Top of DATA SECTION

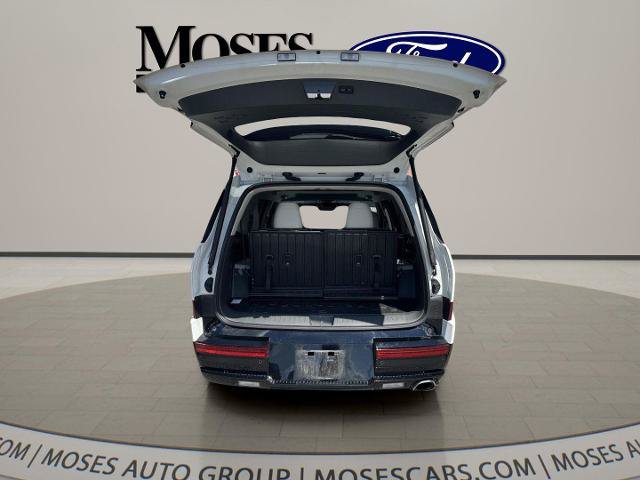 Used 2024 Hyundai Santa Fe Calligraphy AWD/4WD image 9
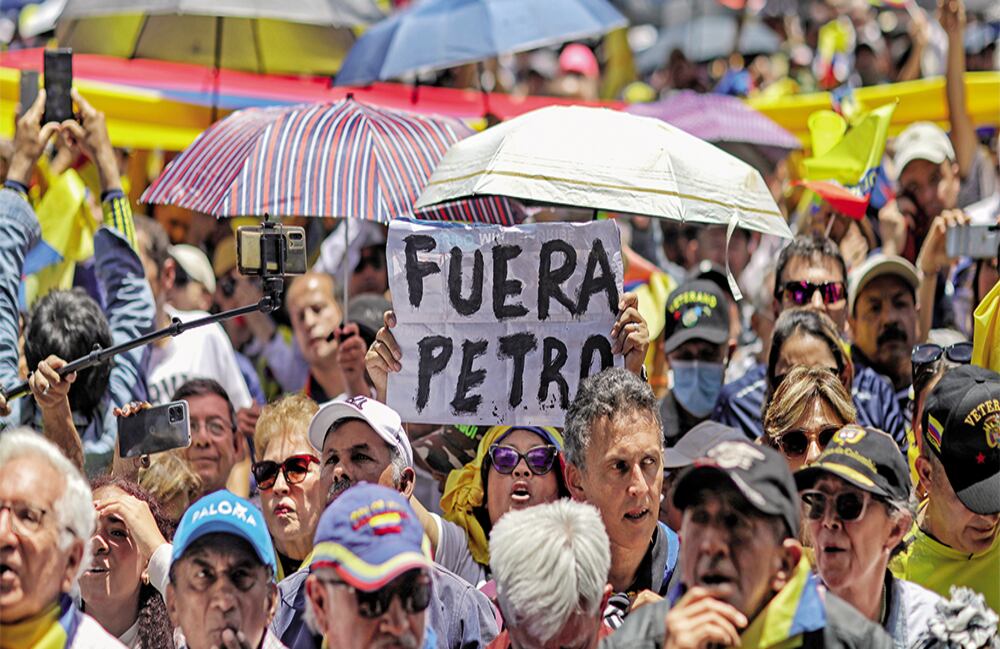 La oposición ha capitalizado en las calles  los errores de Petro. El pasado 6 de marzo, miles de ciudadanos salieron a protestar.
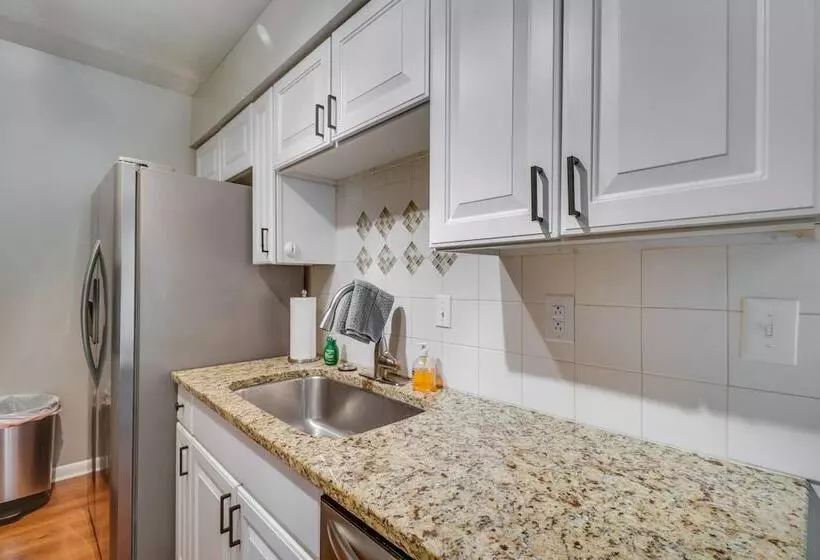 Spacious Massanutten Retreat W/ Hot Tub & Games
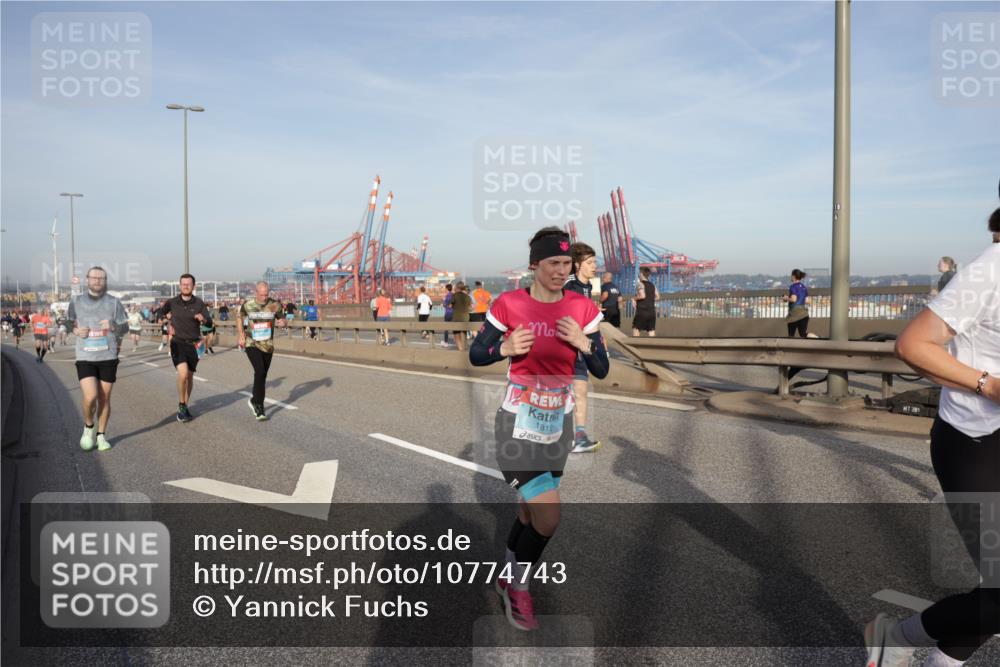 03.10.2026 - Köhlbrandbrückenlauf Yannick Fuchs http://msf.ph/oto/10774743 03.10.2026 09:39:37 Position 2 1812 meine-sportfotos.de
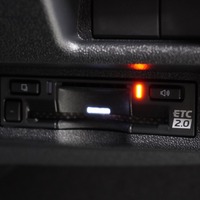6810 9型 ハイエース DX  2WD 2,800CC ディーゼル車 4ナンバー 3/6人乗りのサムネイル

Bottom of DATA SECTION

**ASSIGNMENT:** From the material above, write out exactly the lines from the line with "La oposición ha" through the closing line, inclusive, and no pictures.

**EXPECTED ANSWER:**
 La oposición ha capitalizado en las calles  los errores de Petro. El pasado 6 de marzo, miles de ciudadanos salieron a protestar.
 Spacious Massanutten Retreat W/ Hot Tub & Games
 03.10.2026 - Köhlbrandbrückenlauf Yannick Fuchs http://msf.ph/oto/10774743 03.10.2026 09:39:37 Position 2 1812 meine-sportfotos.de
6810 9型 ハイエース DX  2WD 2,800CC ディーゼル車 4ナンバー 3/6人乗りのサムネイル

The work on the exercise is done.